LISA detector now is an official ESA space mission (2035)

25 January 2024

The European Space Agency ESA has officially adopted gravitational wave detector LISA as one of its “large class” missions. The Netherlands plays a major role in the development of the hardware and software, including through the Detector R&D section at Nikhef.

The Laser Interferometer Space Antenna (LISA) is the first detector to measure gravitational waves in space. From space, LISA detects longer waves than ground-based detectors such as LIGO and Virgo, opening a new window on all kinds of exotic phenomena.

ESA decided today that the research phase for LISA has been successfully completed and that it will now become an official ESA mission. The launch is scheduled for around 2035.

LISA consists of three spacecraft orbiting the sun behind the Earth. They detect gravitational waves from different sources in the universe by continuously measuring their mutual distances with laser beams.

These are ripples in the structure of space created by exotic cosmic events – such as colliding black holes or the Big Bang – similar to an oil tanker creating waves in the ocean. The first-ever space detector for gravitational waves, LISA will be ESA’s third L-class mission, making Europe the world leader in the field.

Baby black holes

At 2.5 million kilometers, LISA extends its arms much farther than ground-based detectors ever will. This makes it receptive to longer wavelengths from larger space objects. It allows LISA to “listen” for the first time to, say, the Big Bang or baby black holes from the early universe. Or to the chaotic paths stars take as they are swallowed up in the complex geometry around a supermassive black hole, like a practical test of Einstein’s General Theory of Relativity.

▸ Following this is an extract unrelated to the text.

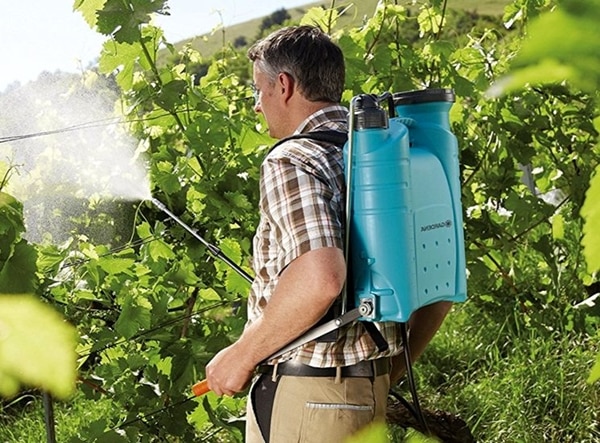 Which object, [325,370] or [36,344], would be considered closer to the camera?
[36,344]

‘It is great to see that LISA has arrived at this final stage,’ says Gijs Nelemans (SRON/Radboud). ‘The first plans for such a completely new type of space mission are already 30 years old.’ Elena Maria Rossi (Leiden University) adds, ‘We are stepping into a totally new field of science. Ground-based detectors already let us listen to the near universe. LISA gives us hearing at much lower frequencies so that for the first time we can hear the largest and most distant events in the universe.

LISA’s eyes

Dutch scientists have long been involved in the LISA project. A Dutch consortium of SRON, Nikhef, Radboud, Leiden University, UvA, Utrecht University, TNO, Maastricht University and RUG has received an NWO Roadmap grant in 2023, led by SRON, to work on the Dutch hardware contribution.

They are building the photodiodes (LISA’s “eyes”), software, targeting mechanism and associated readout electronics. These are designed at the limit of what is technologically possible.

Aiming is extremely precise because each laser must hit a lens at a distance of 2.5 million kilometers. Light takes eight seconds to do that. By comparison, if a dime falls off the Eiffel Tower, a laser from the Netherlands must aim exactly where that dime will be in eight seconds.

Photodiodes

The photodiodes don’t have it much easier. They must detect laser beams of originally 1 watt, like a table lamp, but which after their journey have been toned down to 250 picoWatts, i.e. over a billion times weaker.

Software development is complex even for a space mission. The LISA project is eminently a synergy between engineers, scientists and data scientists. The software must distinguish between the multitude of gravitational waves from all possible directions that continuously vibrate the spacecraft at different frequencies and amplitudes.

Within the life cycle of an ESA mission, the Mission Adoption Review is the formal end of the research phase, in which the specifications in the detector design are established and the readiness of the technology is assessed. Following LISA’s successful Mission Adoption Review, ESA’s Science Program Committee has now approved the transition from the research phase to the implementation phase. This step is called Mission Adoption. The implementation phase will last from now until launch around 2035.